> AVAILABLE DATA:
————————
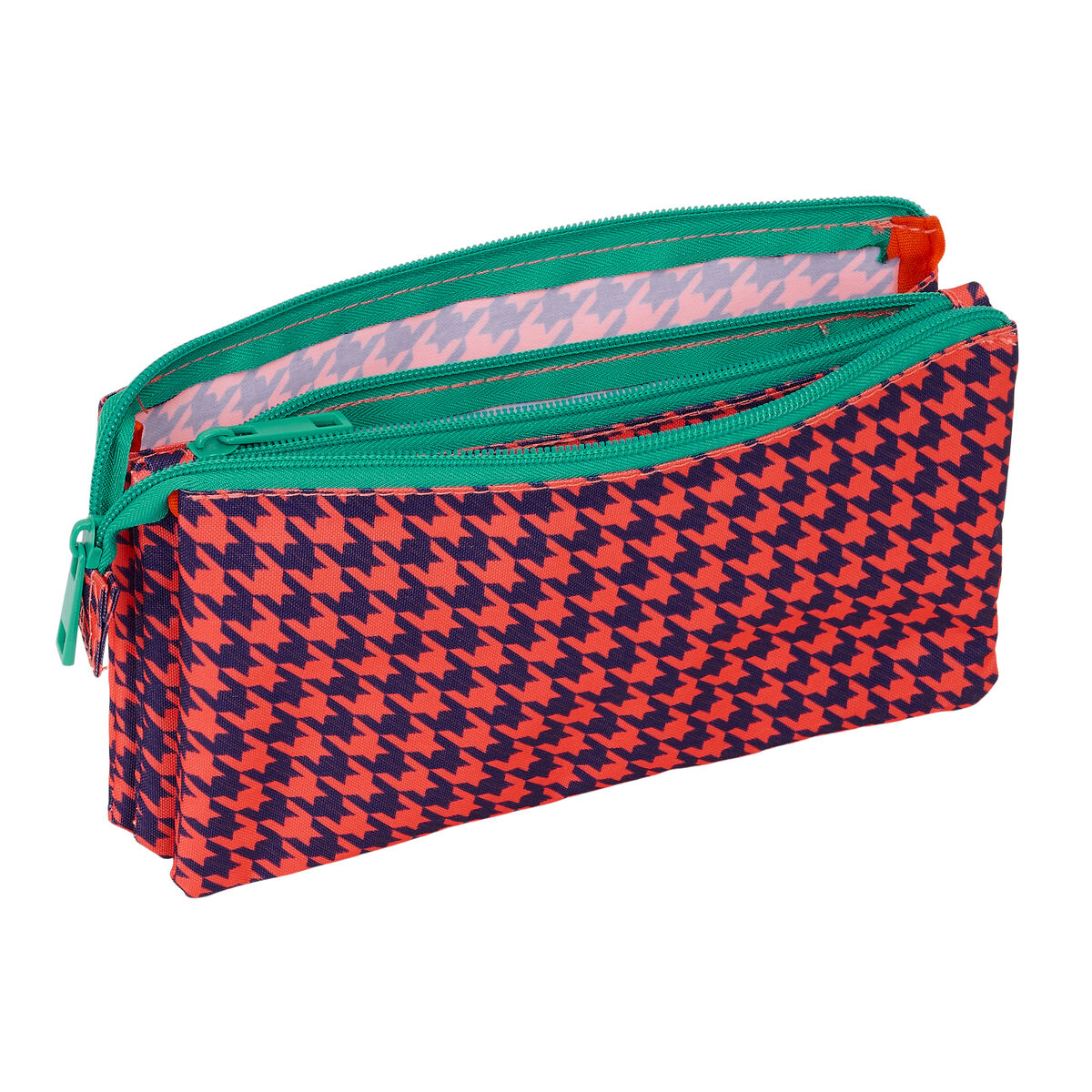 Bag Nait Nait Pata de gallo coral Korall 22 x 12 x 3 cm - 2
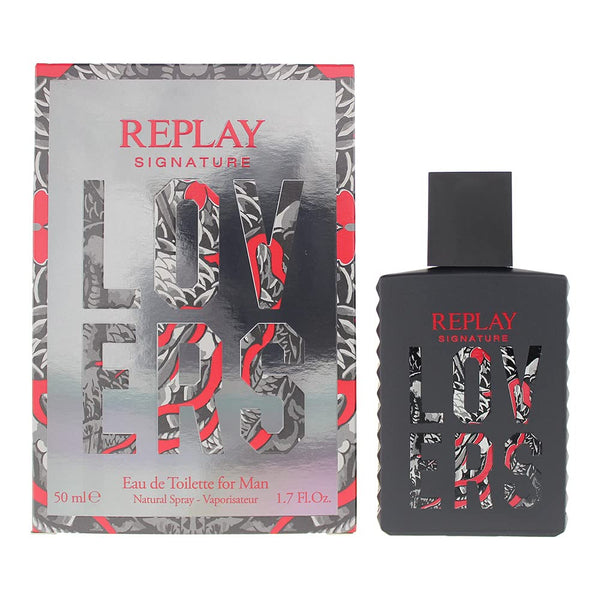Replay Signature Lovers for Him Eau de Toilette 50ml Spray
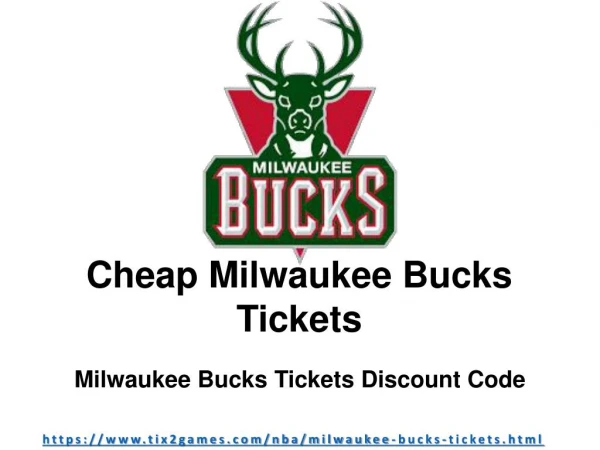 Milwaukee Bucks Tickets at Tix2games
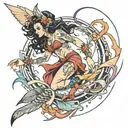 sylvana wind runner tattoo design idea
————————
> INSTRUCTIONS FOR THE TASK:
Apart from its pictures, the material above should be repeated exactly.

> ANSWER FOR THIS EXERCISE:
 Bag Nait Nait Pata de gallo coral Korall 22 x 12 x 3 cm - 2
Replay Signature Lovers for Him Eau de Toilette 50ml Spray
 Milwaukee Bucks Tickets at Tix2games
 sylvana wind runner tattoo design idea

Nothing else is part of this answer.